El bar La brisa del sur, otro espacio predilecto de los dominicanos, fue apedreado. Diversas asociaciones cívicas presionaron al Ayuntamiento para que pusiera un local de reunión a disposición de la comunidad migrante, y mantuvieron encuentros con representantes políticos para advertir del riesgo de un aumento de las hostilidades, pero no recibieron respuesta. Al mismo tiempo, corría el rumor de que agrupaciones neonazis planeaban llevar a cabo acciones violentas el 20 de noviembre, aniversario de la muerte de Franco. El día 1, la situación en Aravaca se caldeó cuando el Ayuntamiento ordenó una redada policial en la plaza, que degeneró en un estallido de violencia cuando cuando varios agentes empezaron a agarrar a mujeres por el pelo y arrastrarlas al interior de los coches patrulla. Dos semanas después, Lucrecia estaba muerta.

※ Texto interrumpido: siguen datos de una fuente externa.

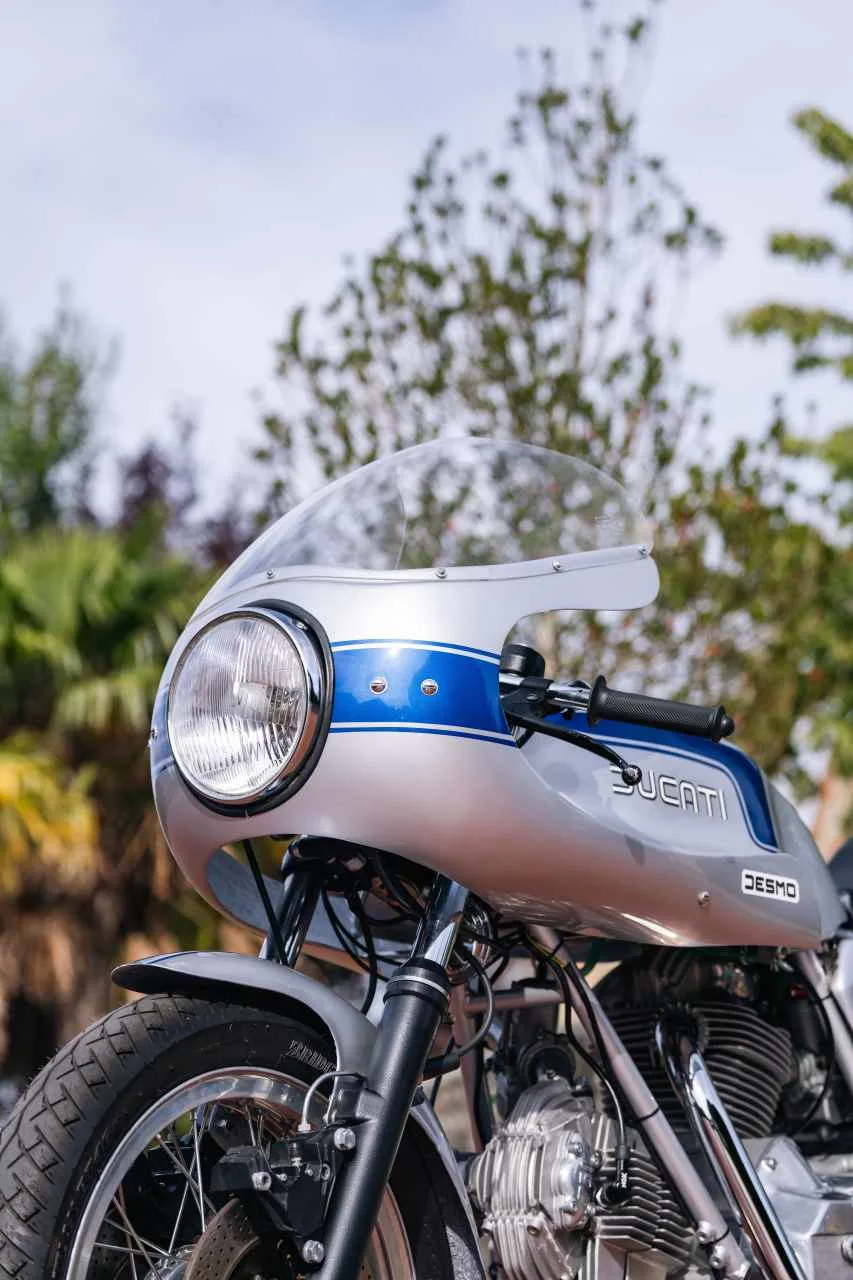 1975 Ducati 750 Super Sport Square Case, 11/30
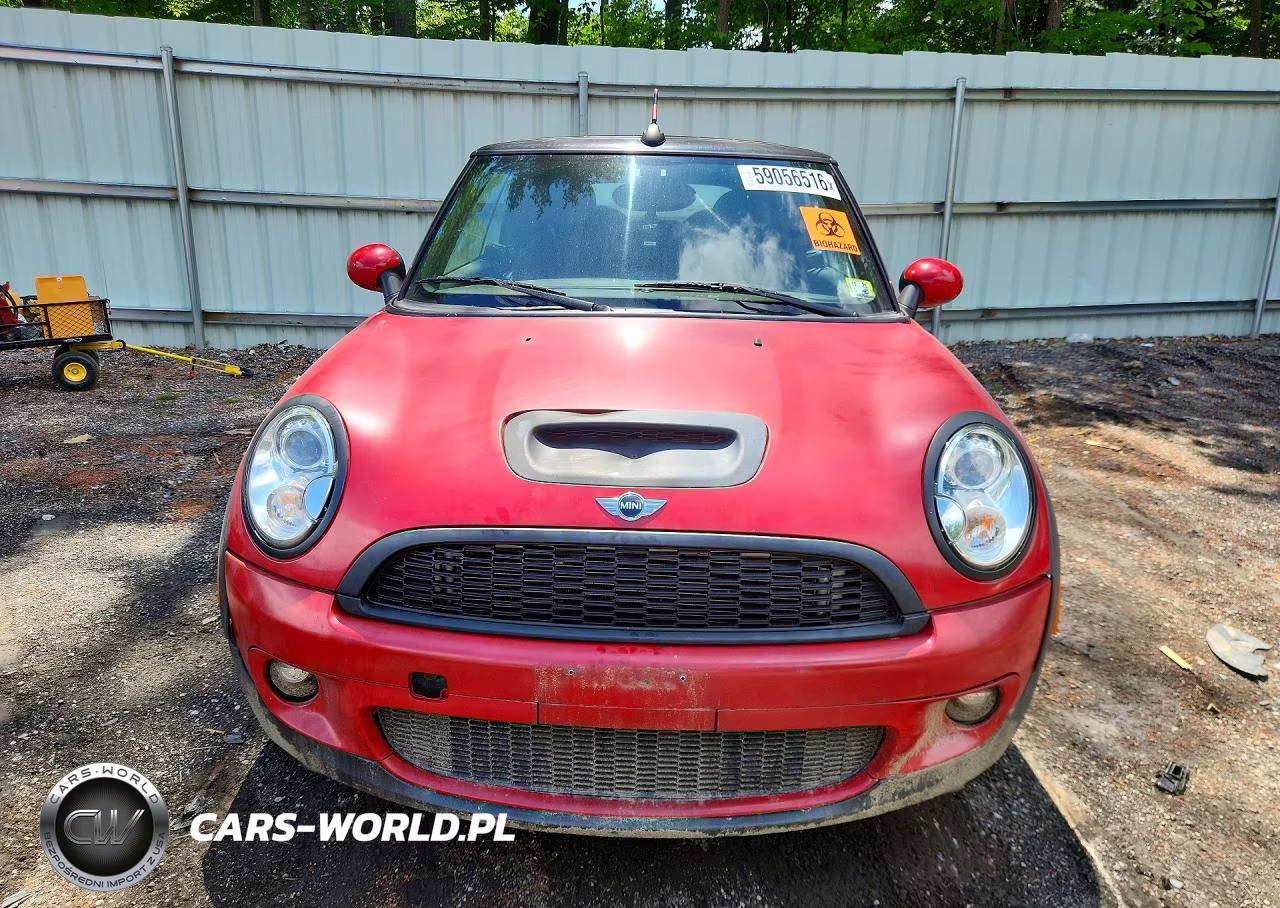 2009 Mini Cooper S VIN:WMWMS33539TG89905 - 5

El asesinato provocó la indignación y el rechazo de la sociedad, expresados a través de manifestaciones masivas contra el racismo y la xenofobia por todo el país apoyadas por todos los partidos políticos, que asimismo aprobaron una declaración unánime de condena en el Congreso. Los autores del crimen fueron condenados a un total de 126 años de cárcel, 54 para Merino y 24 para cada cada uno de los tres menores. Estos últimos quedaron en libertad en 2001. En 2015, cuando todavía le quedaban 31 años de condena, Merino fue detenido en Coslada (Madrid) por conducir borracho.
El odio como agravante
La muerte de Lucrecia confirmó un fenómeno social del que ya se tenía constancia pero frente al que no se habían tomado medidas, el aumento en España de grupos afines a ideologías de ultraderecha; también abrió el camino a la posterior inclusión del odio discriminatorio como agravante en el Código Penal. En 2023, las fuerzas de seguridad registraron 1606 delitos de odio en España, un 33,1 por ciento más que en 2022, la mayoría de ellos relacionados con el racismo y la xenofobia.
Actualmente, circula por redes sociales, tertulias televisivas e intervenciones parlamentarias una retórica no muy distinta de la empleada hace más de 30 años en las pintadas callejeras de Aravaca. Hace unos meses, más de 800.000 españoles dieron su voto en las elecciones al Parlamento Europeo a Se Acabó la Fiesta, agrupación cuyo líder, Alvise Pérez, ha afirmado que “cada vez hay más inmigrantes ilegales que no sabemos si son violadores”.
En 2017, la alcaldesa de Madrid, Manuela Carmena, rindió homenaje a Lucrecia Pérez inaugurando un mural en su recuerdo en la plaza de la Corona Boreal. Su sucesor en el cargo, José Luis Martínez-Almeida, lo retiró en 2021, supuestamente con la intención de repararlo; en lugar de eso, cuando se cumplió el 30º aniversario del asesinato en noviembre de 2022, el Ayuntamiento inauguró una rotonda y un monumento conmemorativos en las afueras de Aravaca. En esas mismas fechas, un grupo de activistas reprodujeron el mural en el centro del distrito. Cinco meses después, había vuelto a ser borrado.